Here’s a short selection of the insights shared by our volunteers in the assessment:
‘Volunteering has brought me on in my life and growth so much. I can’t thank everyone enough. The growth we’ve been given and the support to go for employment within Change Grow Live has been amazing.’
‘Volunteering is inclusive – there are no restrictions. Equality and diversity is definitely there. You meet people from all walks of life and different types of volunteers.’
‘They look for things that will suit you. You’re not just asked to do things – they put you in places where you will thrive.’
‘The support is absolutely amazing. There are regular check-ins and they are very accommodating. There are regular one-to-ones. I’m blown away by the support.’
Cranstoun’s new overdose prevention app is looking for volunteers, says project lead Peter Krykant
At Cranstoun, we’re always looking for new ways to support people who use drugs and bringing innovations from across the globe to improve what we can offer to communities in the UK and Ireland. We’d been thinking for some time about what we can do more of to support some of the people at higher risk of drug-related harm, especially those who use drugs alone and are maybe at higher risk of overdose.

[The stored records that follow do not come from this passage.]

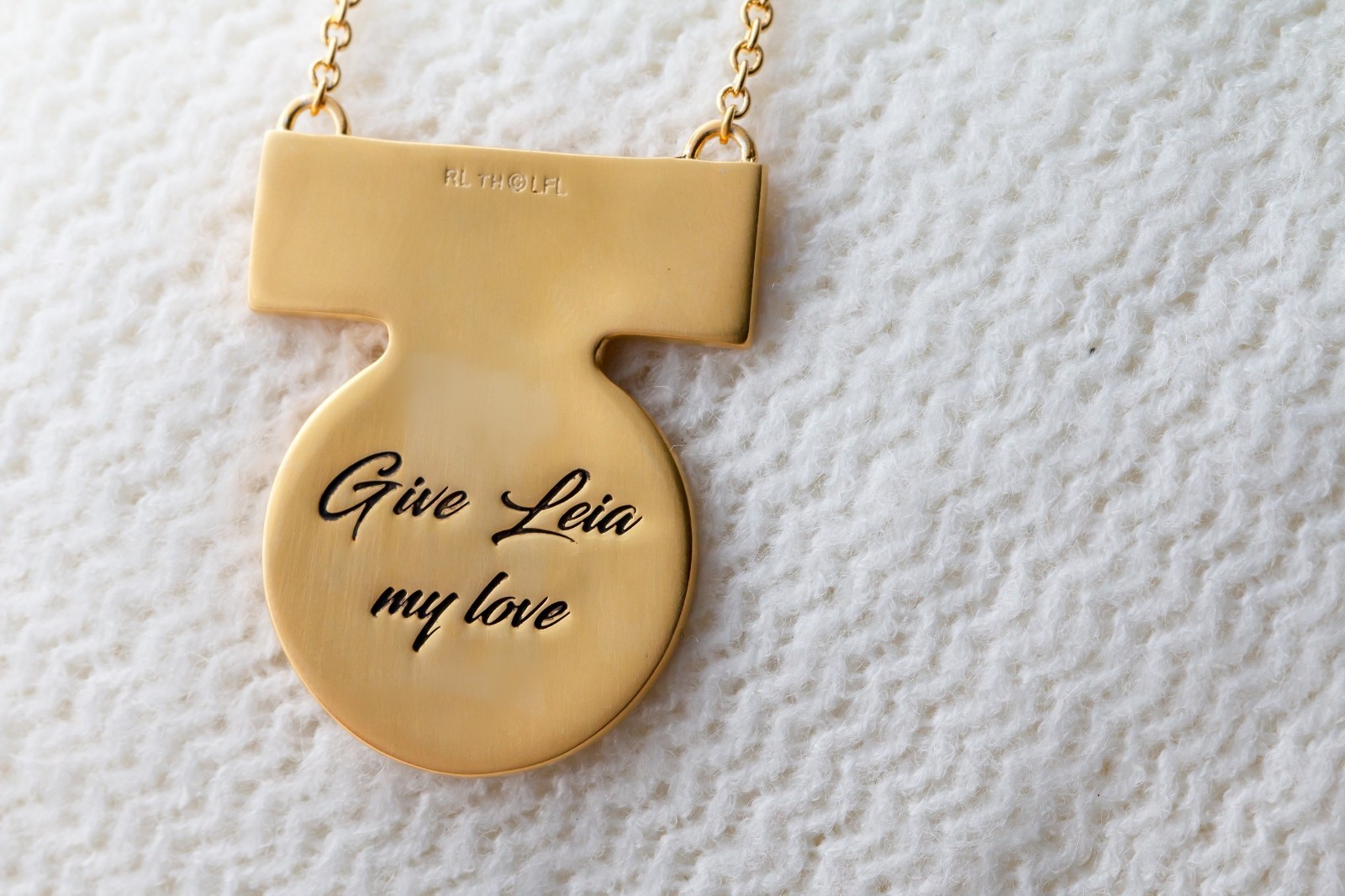 Star Wars X RockLove NEW Medal of Yavin Necklace in 14K Yellow Gold Plated Brass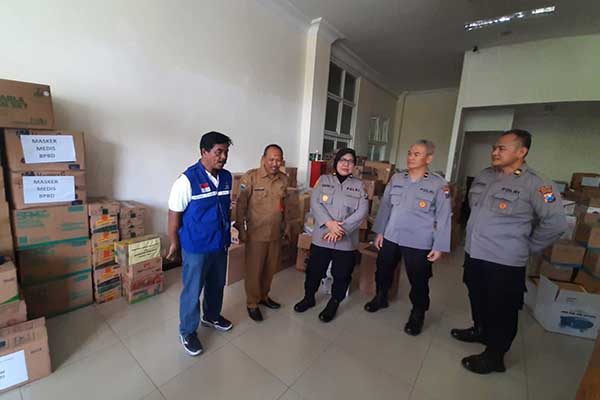 Koordinasi Persiapan Pemberangkatan Bantuan Palestina di Gudang penyimpanan bantuan. (Seru.co.id/dik) - Dinsos Batu dan Polres Batu Koordinasi Persiapan Pemberangkatan Bantuan Palestina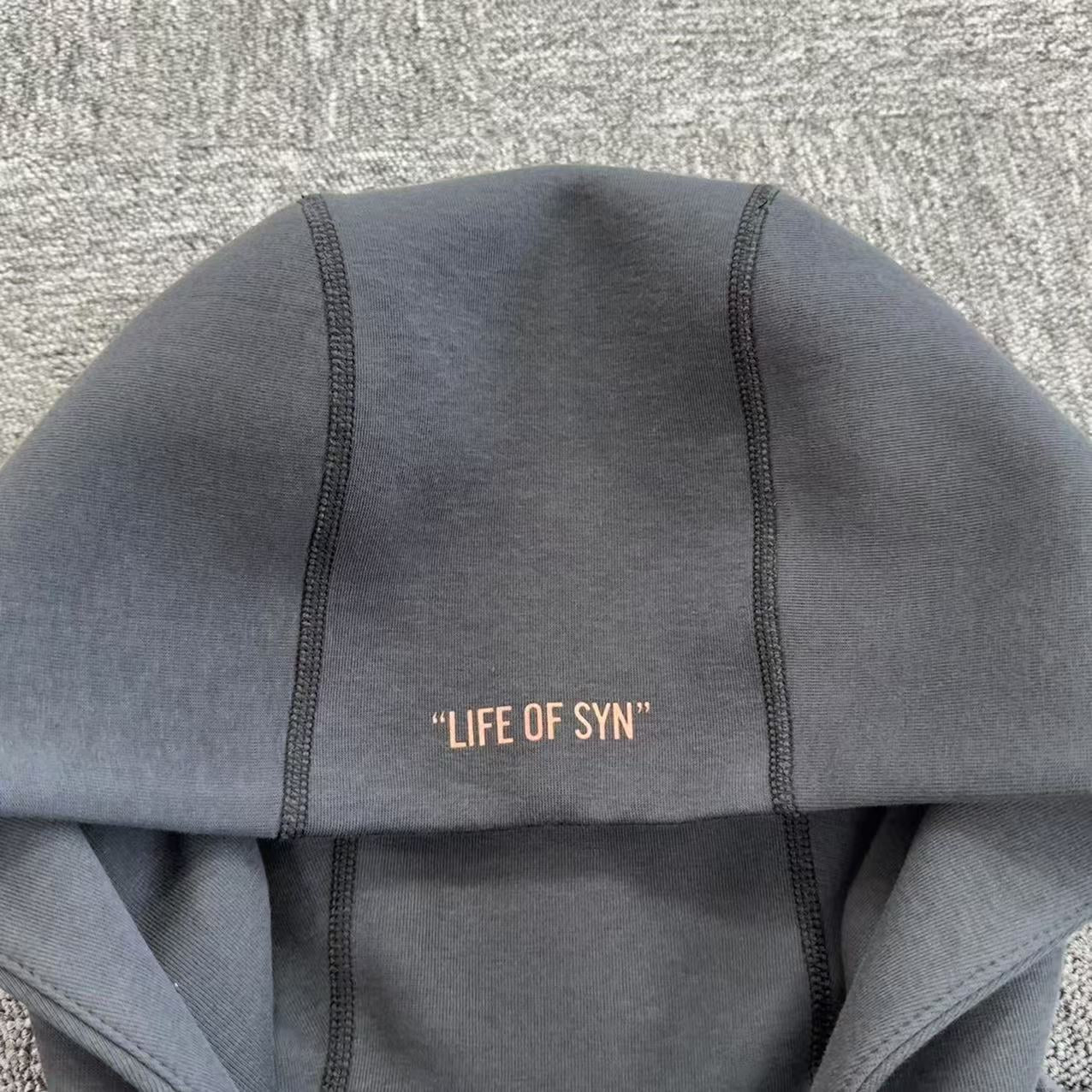 NIKE X CENTRAL CEE X SYNA WORLD - JAQUETA SPORTSWEAR TECH FLEECE "PRETO/BRONZE"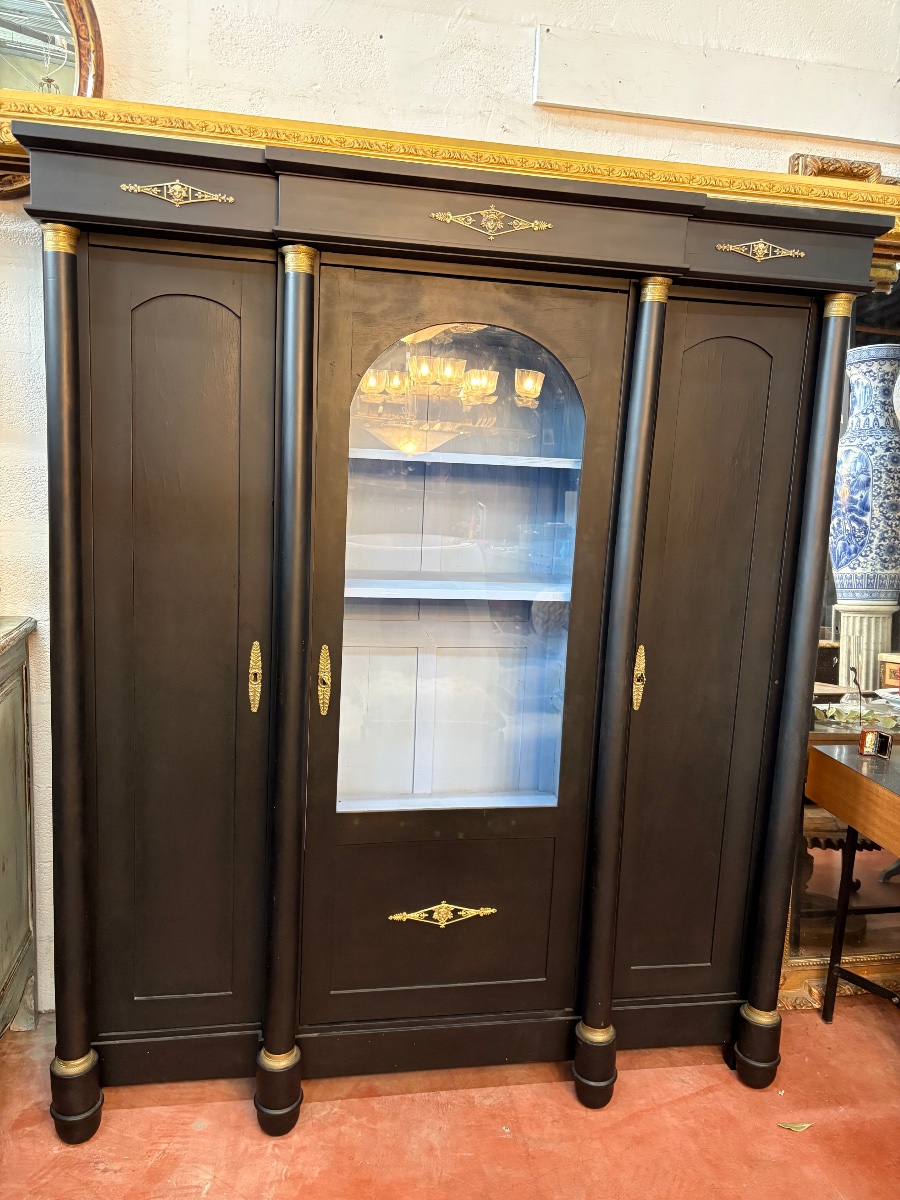 Bibliothèque de style empire ouvrant par trois portes 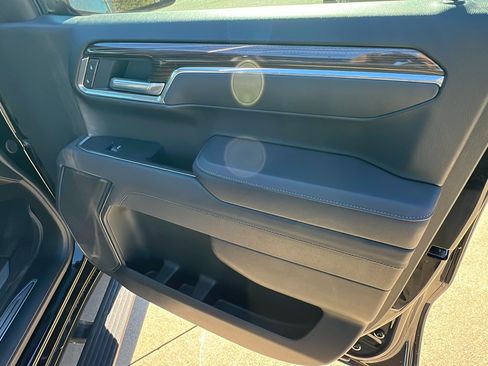 Used 2025 Chevrolet Silverado 1500 LT image 19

That’s why we’ve developed BuddyUp – a new app which will work across the country, no matter who the local drug and alcohol support provider is. We’re going to be launching imminently and we’re currently on the search for volunteers. It’s a simple premise – people can download the app and have access to a Cranstoun volunteer at the other end of a free phone line. That volunteer would be able to activate an emergency plan that they had setup with the app user so that they could access physical support. This could be accessing their location to send help from an emergency contact, which could be a friend, family member or the ambulance service – it’s always on their terms. The app user can work with our volunteers to easily set up their own emergency plan which can be triggered should they become unresponsive. A similar app was developed by the Brave Co-op in Canada, who we’ve been working closely with in producing our new piece of technology.

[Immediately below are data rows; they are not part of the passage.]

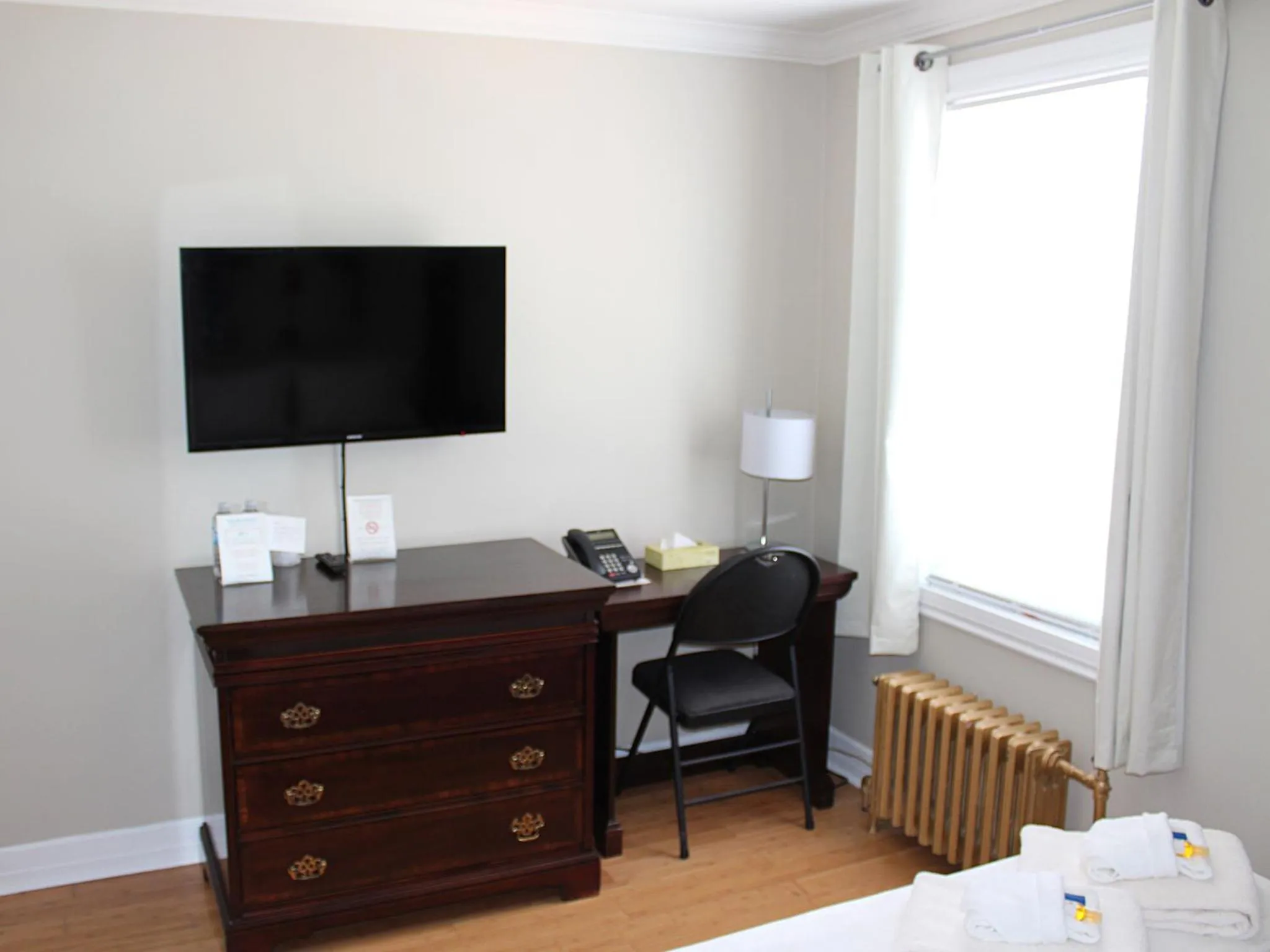 TV and multimedia in Hotel Auberge Michel Doyon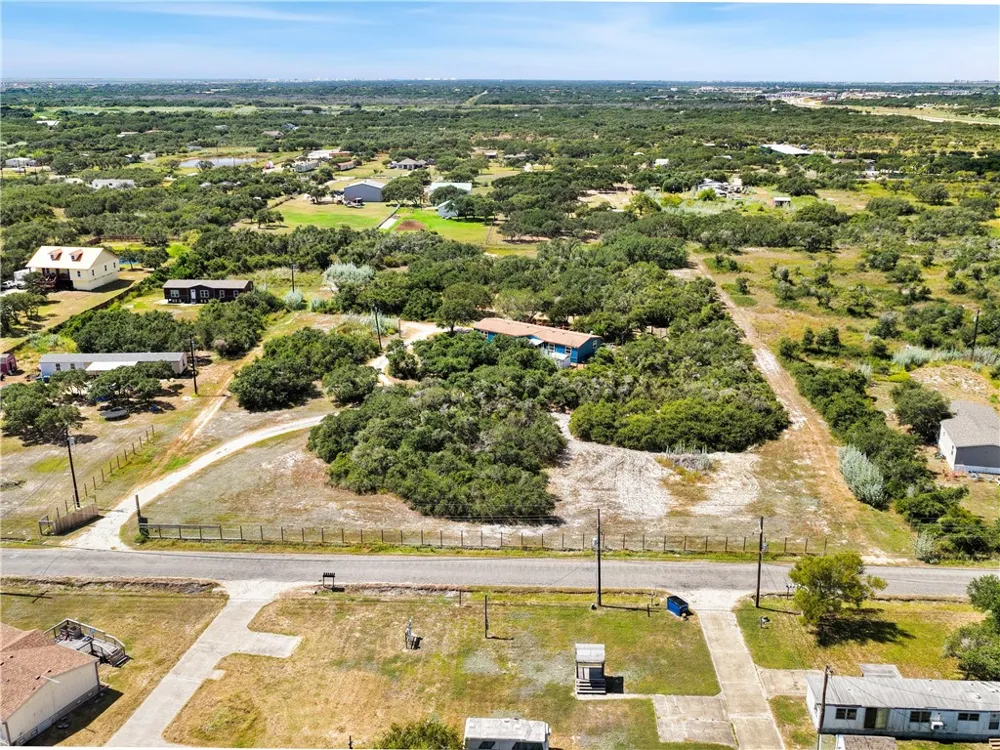 1051 Jacoby Lane Aransas Pass, TX 78336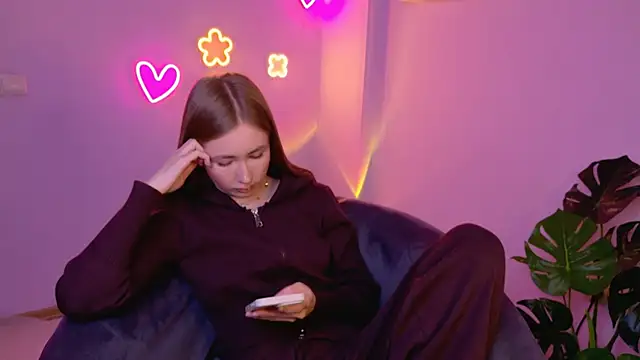 EllyColins webcam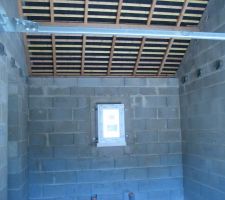 La moiti&eacute; des sabots est pos&eacute;e. La barre m&eacute;tallique au premier plan est le support de porte du garage.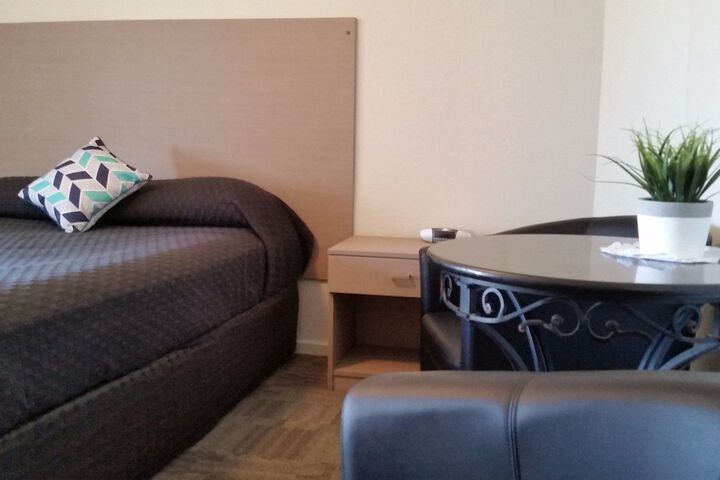 Room 2 of 18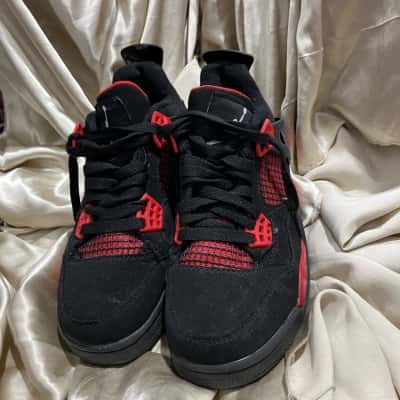 Nike Air Jordan 4 Retro Mens  Size 7 Sneakers Black  / Red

We’re well underway in looking for volunteers to be supporters and life savers by being on standby to help prevent overdose and potentially death. Initially we’re looking for volunteers based on four hours spent logged into the app per week, with full training, equipment and aftercare offered. This would be a really great opportunity for anybody wanting to play a part in saving lives and preventing drug-related deaths. We also anticipate it would stand our volunteers in good stead for careers in our sector and others.